ACARUS GALVANICUS, OR ACARUS
OUR readers will remember the excitement caused in the year 1837 by the announcement, that Mr. Crosse, of Broomfield, had observed the developement of certain insects incident to the long-continued action of galvanism. Little additional information on this mysterious subject has since transpired, till Tuesday, the 15th instant, when a paper from Mr. Weekes, of Sandwich, was read before the London Electrical Society, detailing the successful repetition of Mr. Crosse's experiments. Among the cavilling which arose in connection with the original experiments, the possibility was urged that the ova of the insects might be in the air. Mr. Weekes's experiments were so conducted that this objection can be scarcely tenable. A well charred block of beech, containing a circular groove, to receive a bell-glass, was the base of the instrument. The groove was filled with mercury. A tumbler, containing the solution of silicate of potass, was beneath the bell; the silica was obtained by subjecting to a furnace heat a piece of fine black flint, obtained out of the centre of a "bowlder," selected from amongst those lying on the shore at Sandwich. The silica was united to the potass by a furnace heat; the result quenched in boiling water. The solution was immediately covered and filtered under cover. All things being prepared, the voltaic current was sent through the solution on the 3rd of September, 1841; and from that date to the present time the apparatus has not been disturbed. At the end of October, 1841, the first insect was observed, on the 16th of November, five were discovered. Since that date insects have been repeatedly seen. We must not omit to mention that the bell-glass was placed in total darkness, the screen being only removed when the progress was being examined. Mr.
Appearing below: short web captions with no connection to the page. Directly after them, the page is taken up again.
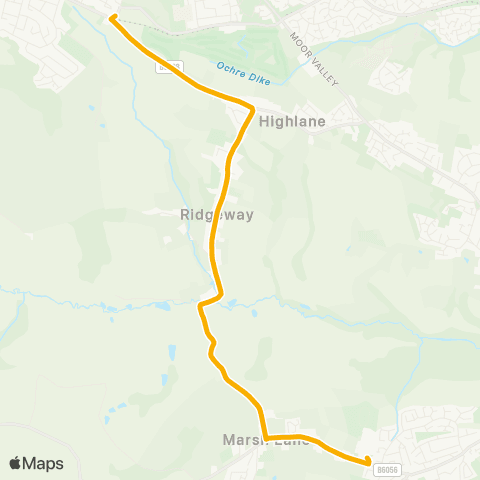 Stagecoach Yorkshire Fox Lane / White Lane - School Bus Park map
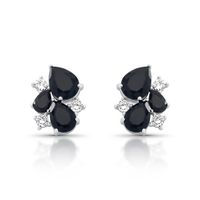Foto do produto BRINCO DE PRATA CRISTAL GOTAS 12 ZIRCONES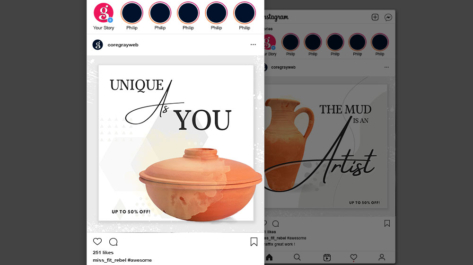 Instagram post for earthen pots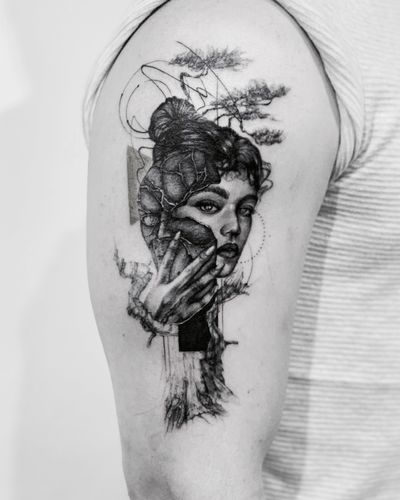 Masks beneath masks until suddenly the bare bloodless skull 🔘.Booking OPEN!johny@danieltorocsik.com@torocsikartroom ..#tattooed #inked #inkedmag #inkjunkeyz #tattooedmag #art #artist #tattooartist #budapest #bp #budapesttattoo #sketch #freehand #dailytattoo #dailyphoto #lines #fineline #tattoomachine #brush #blackwork #photography #travel #tattoomodel #instatattoo #portrait #tree #girl #mask #portraittattoo #masktattoo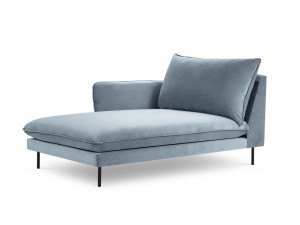 Sezlong tapitat Vienna velvet/picioare negre – L170 x l110 x h95 - Img 5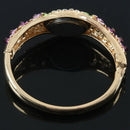 Luxury Crystal Women Watch Vogue Quartz Flower wrist band Color: Purple Z3C9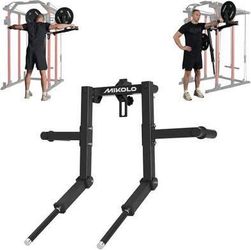 New Mikolo Standing Lateral Raise Attachment for Squat Rack, w/ 1" Holes, Power Rack Cage Attachment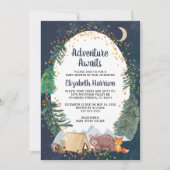 Rustic Woodland Night Sky Baby shower by Mail Kaart (Voorkant)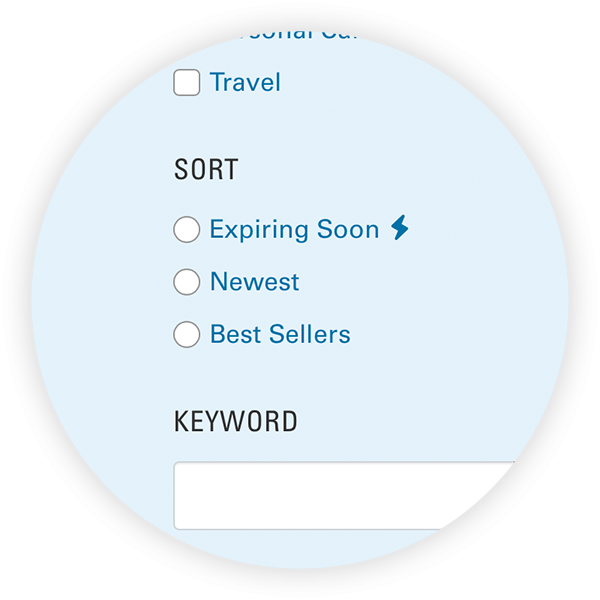 Illustration of sort options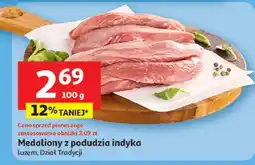 Auchan Medaliony z podudzia indyka oferta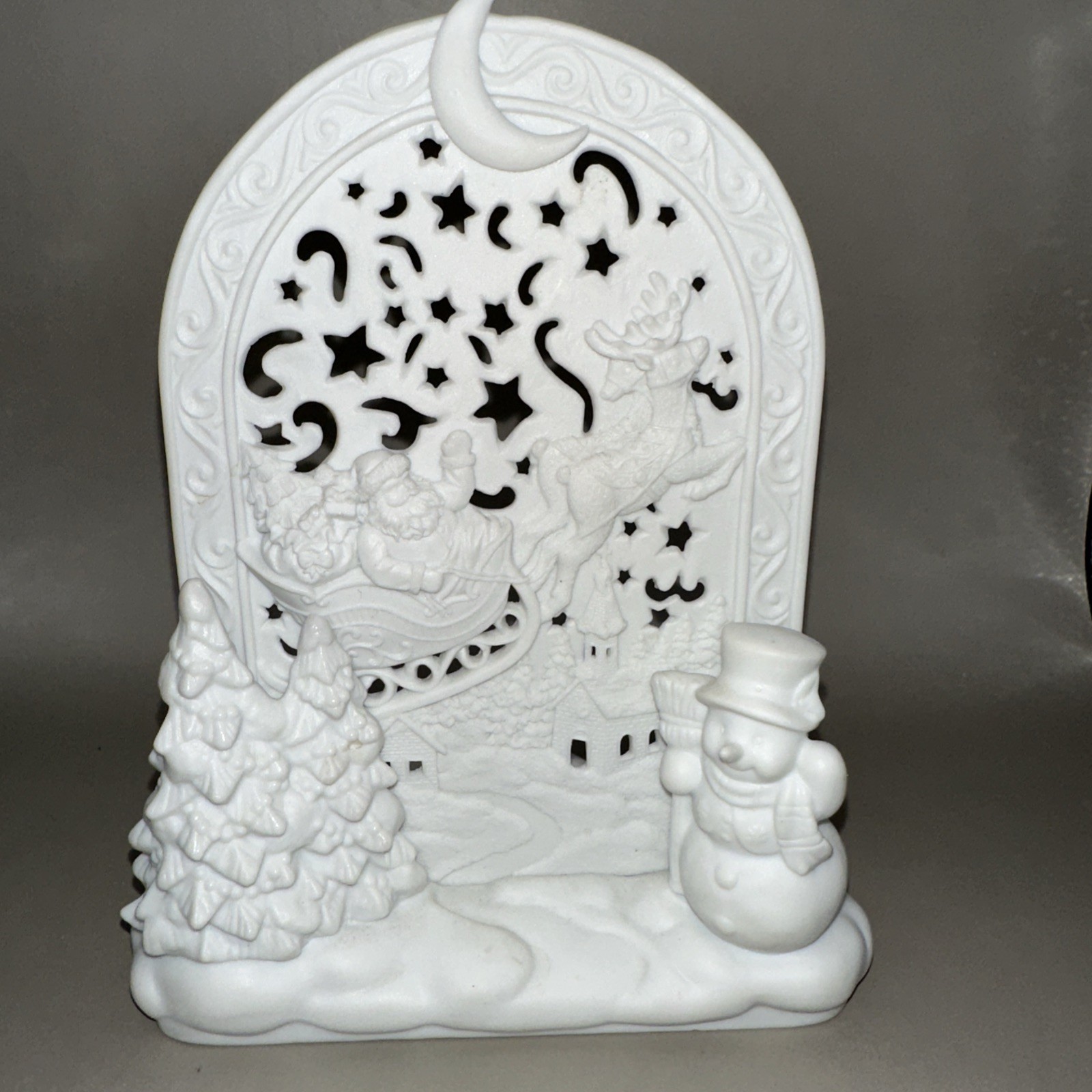DEPT. 56 SILHOUETTE TREASURES ‘CHRISTMAS SLEIGH RIDE’ VOTIVE SCENE – ORIG BOX
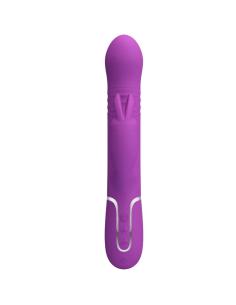Pretty love - coale vibrador rabbit multifunciÓn 4 en 1 morado 2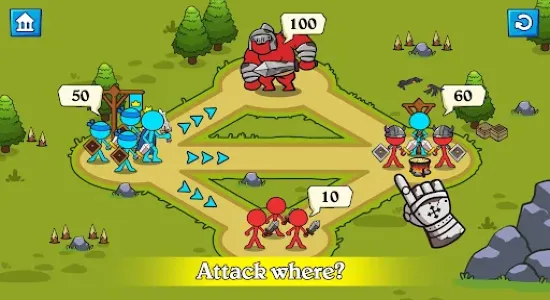 Скриншоты из Stick Clash на Андроид 3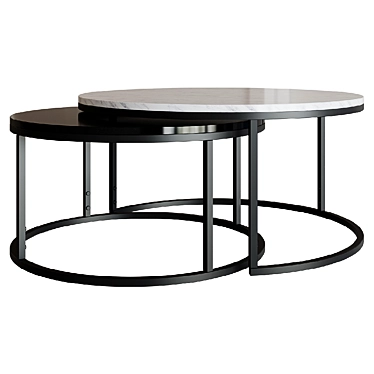 Alexine Marble Coffee Table 3D model image 1 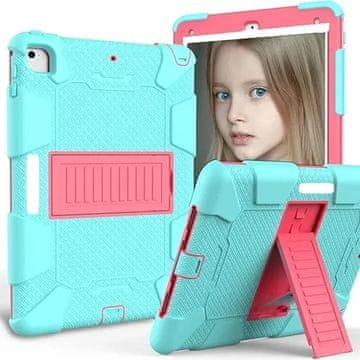 Nikcorp Zaščitni ovitek za iPad Pro 11 Ovitni tridelna oklepljena zaščita s stojalom in držalom za pisalo mentol zelena silikon plastika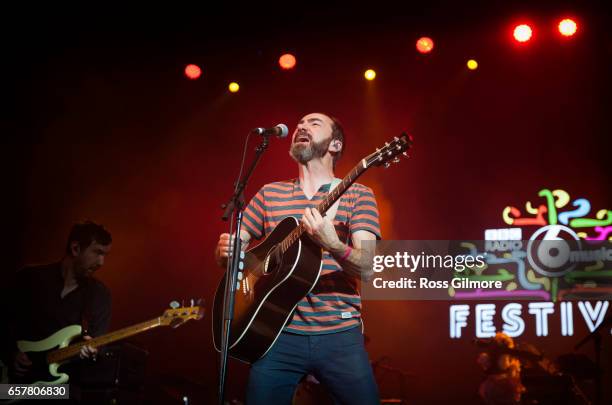 James Mercer of The Shins performs at the O2 Academy at the BBC Radio 6 Music Festival - day two on March 25, 2017 in Glasgow, United Kingdom.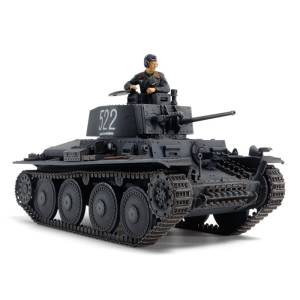 Military Miniature Series No.83: German Panzerkampfwagen 38(t) Ausf. E/F 1/48 (Plastic Model) [Tamiya]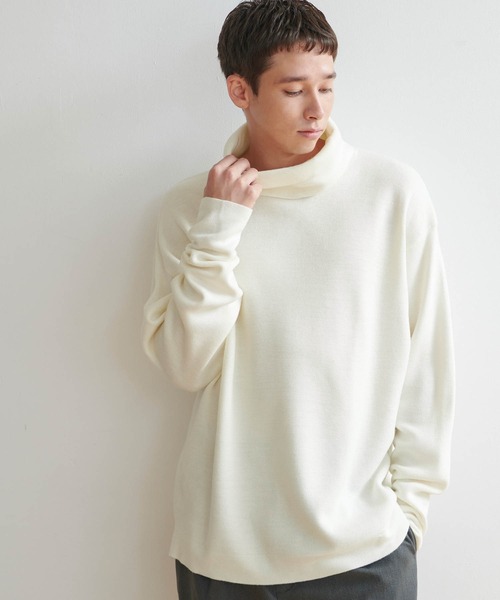 MONO-MART（モノマート）の「オーバーサイズ タートルネックニット プルオーバーニット アソートTYPE（ニット/セーター・メンズ・グリーン系その他2/ダークブラウン/ブラック系その他/ナチュラル/オフホワイト/ブラック系その他2/グレイッシュベージュ/ブラウン系その他/グリーン系その他/ホワイト系その他/ブラック系その他3/グレー系その他/ブルー系その他/ベージュ系その他4/ブラウン系その他2/ベージュ系その他2/ベージュ系その他3/ベージュ/オレンジ系その他2/ベージュ系その他/オレンジ系その他/ブルー系その他2・L/M）」の4枚目の写真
Weekes mentioned that he had another apparatus in action, very similar to this, with the exception that the bell is filled with oxygen; aud expressed an anticipation that he should sooner or later detect insect life there. This expectation was realized a few days ago. In an appendix to his communication, dated February 27th, he states, that on the previous morning, he perceived eight or ten full-grown acari in vigorous locomotion on the inner surface of the air bell.-Times.